Starting with the first line of the data below, copy each line up to and including the one containing "I'm going to". Pictures stay out.

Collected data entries
****************************************

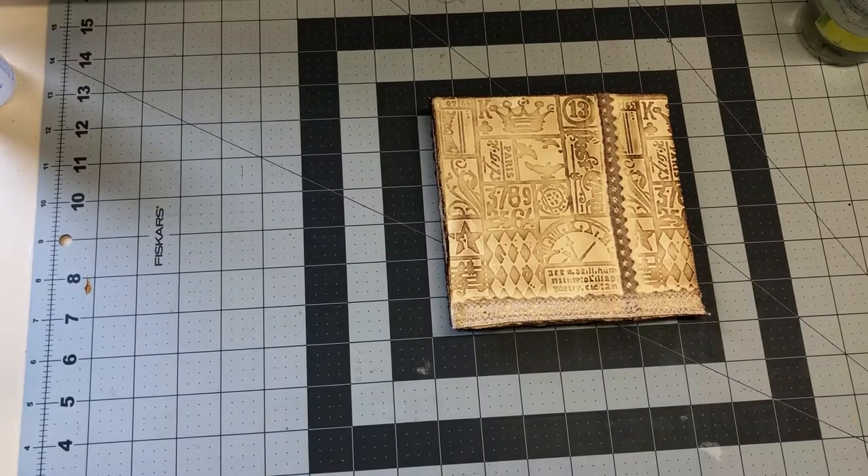Hi everyone, welcome back, it's Kay again. I thought I'd do a quick flip through on another little book that I've been working on. It's a concertina book, so no stitching, thank goodness. I started it a while ago to try and create something different structurally on every page, and I finally finished it.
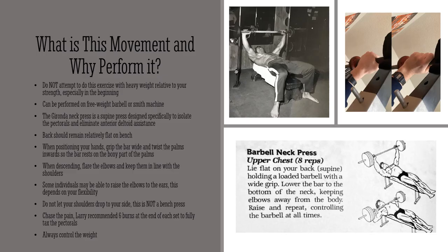I'm going to explain the movement and why you may want to perform it. First of all, you do not want to attempt this exercise with any high amount of weight relative to your own strength, especially in the beginning. There is no photo online or in any book of anybody in Vince's gym using more than 135 pounds on this exercise. Keep it light, keep the form tight, and you'll definitely reap the benefits.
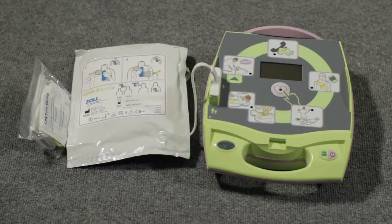An AED is used to correct or restart a person's heart rhythm. AEDs can be used for adults and children.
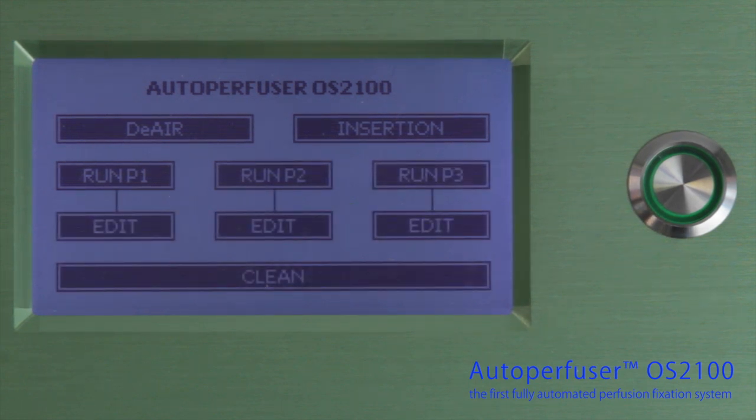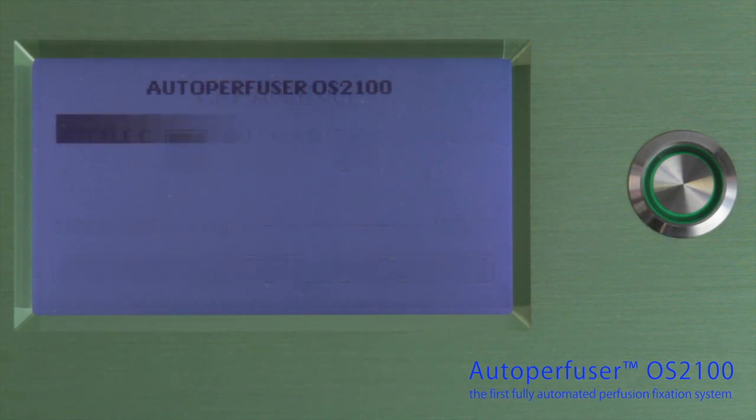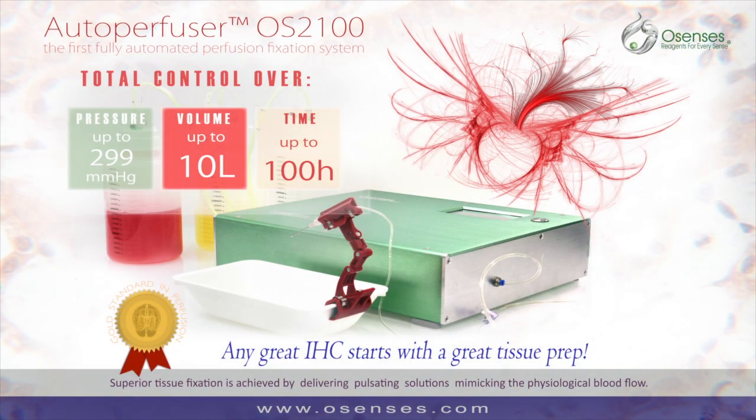The Autoperfuser runs a self-cleaning program. Press clean to automatically purge the tubing with the cleaning solution. Easy, time-saving, perfect perfusions. The Osensis Autoperfuser fixes the tissues — naturally.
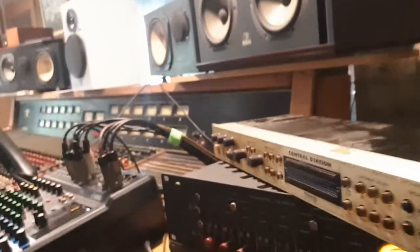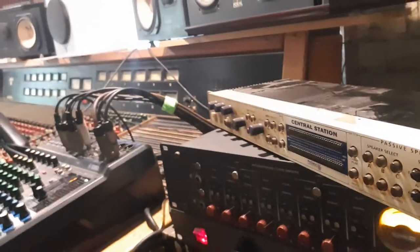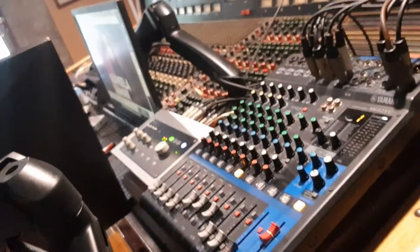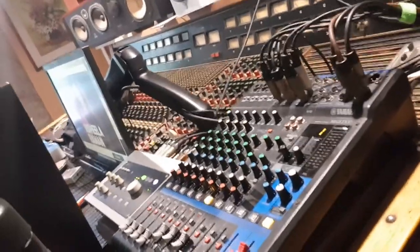I'm changing my studio setup for the monitoring system and now I'm using a small mixer to accommodate all my sound cards. I used to use the PreSonus Central Station, but now I'm changing to my Yamaha MG12XU — it sounds much better, trust me.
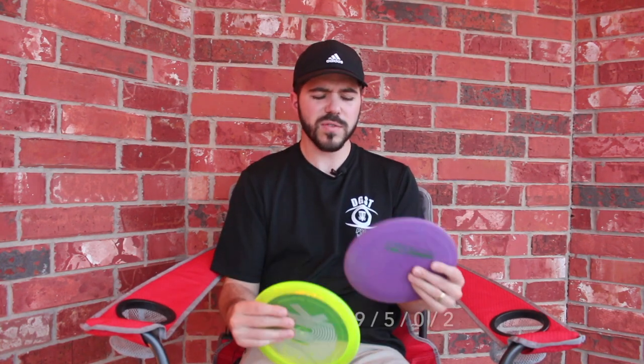By far one of the most popular control drivers — fairway drivers, whatever you want to call it — one of the most popular discs in the disc golf world and community, and for good reason. Innova's flight numbers are nine speed, five glide, zero turn, and two fade.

****************************************

Answer
Hi everyone, welcome back, it's Kay again. I thought I'd do a quick flip through on another little book that I've been working on. It's a concertina book, so no stitching, thank goodness. I started it a while ago to try and create something different structurally on every page, and I finally finished it.
I'm going to explain the movement and why you may want to perform it. First of all, you do not want to attempt this exercise with any high amount of weight relative to your own strength, especially in the beginning. There is no photo online or in any book of anybody in Vince's gym using more than 135 pounds on this exercise. Keep it light, keep the form tight, and you'll definitely reap the benefits.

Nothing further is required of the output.